Vertrauen ist
der Mut sich verletzlich zu zeigen. Deshalb ist es um so schmerzhafter, wenn wir
vertrauen und die Erfahrung machen, dass gerade dieser Mut nicht wertgeschätzt, sondern enttäuscht wird. Wir alle
wollen vertrauen, wir alle sehnen uns danach anderen und vor allem uns selbst
Vertrauen schenken zu können. Der Wunsch zu vertrauen ist eine zutiefst
menschliche Sehnsucht, eine Sehnsucht die dem Wunsch entspringt Halt zu finden.
Woran sollen wir uns halten, in einem Leben, in dem nichts sicher ist, in dem
wir alles erfahren und erleben können auf der unendlichen Klaviatur von Möglichkeiten mit all den
Zwischentönen, die da sind, auch den schiefen.

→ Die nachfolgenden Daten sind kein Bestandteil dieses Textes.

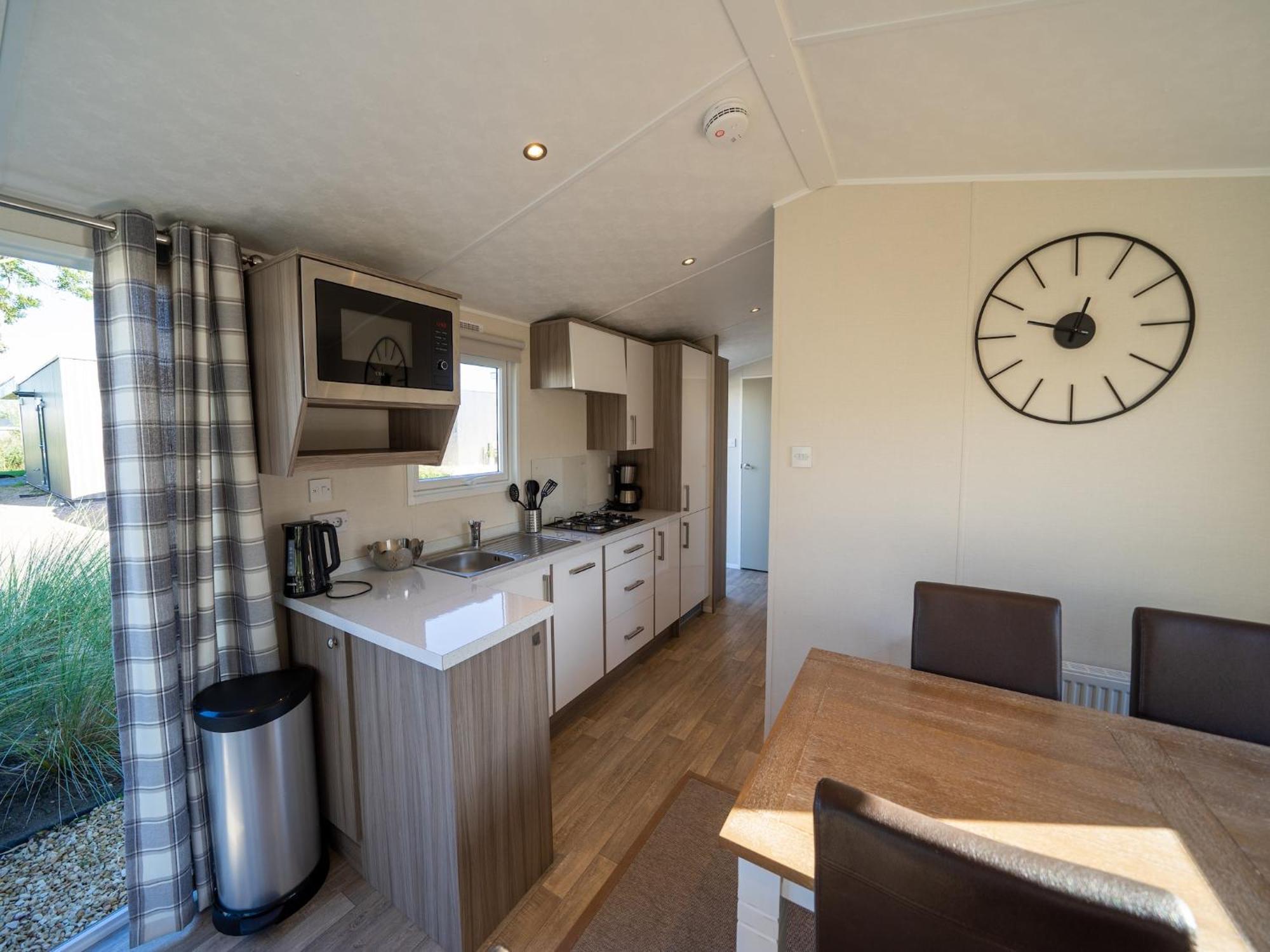 Well-Maintained Chalet With Terrace Hellevoetsluis Exteriör bild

Wir wollen vertrauen und auch die unter uns, deren Vertrauen missbraucht wurde, vielleicht sogar oft, wollen es immer noch und immer wieder. Irgendwo tief in uns wissen wir, wenn wir das Vertrauen verlieren, verlieren wir den Glauben an das Leben selbst, wir verlieren das Gottvertrauen, das uns in die Wiege gelegt wurde wie die Liebe. Vertrauen ist der Glaube an die Richtigkeit, die Ehrlichkeit und an die Wahrhaftigkeit von Personen oder Handlungen von Personen.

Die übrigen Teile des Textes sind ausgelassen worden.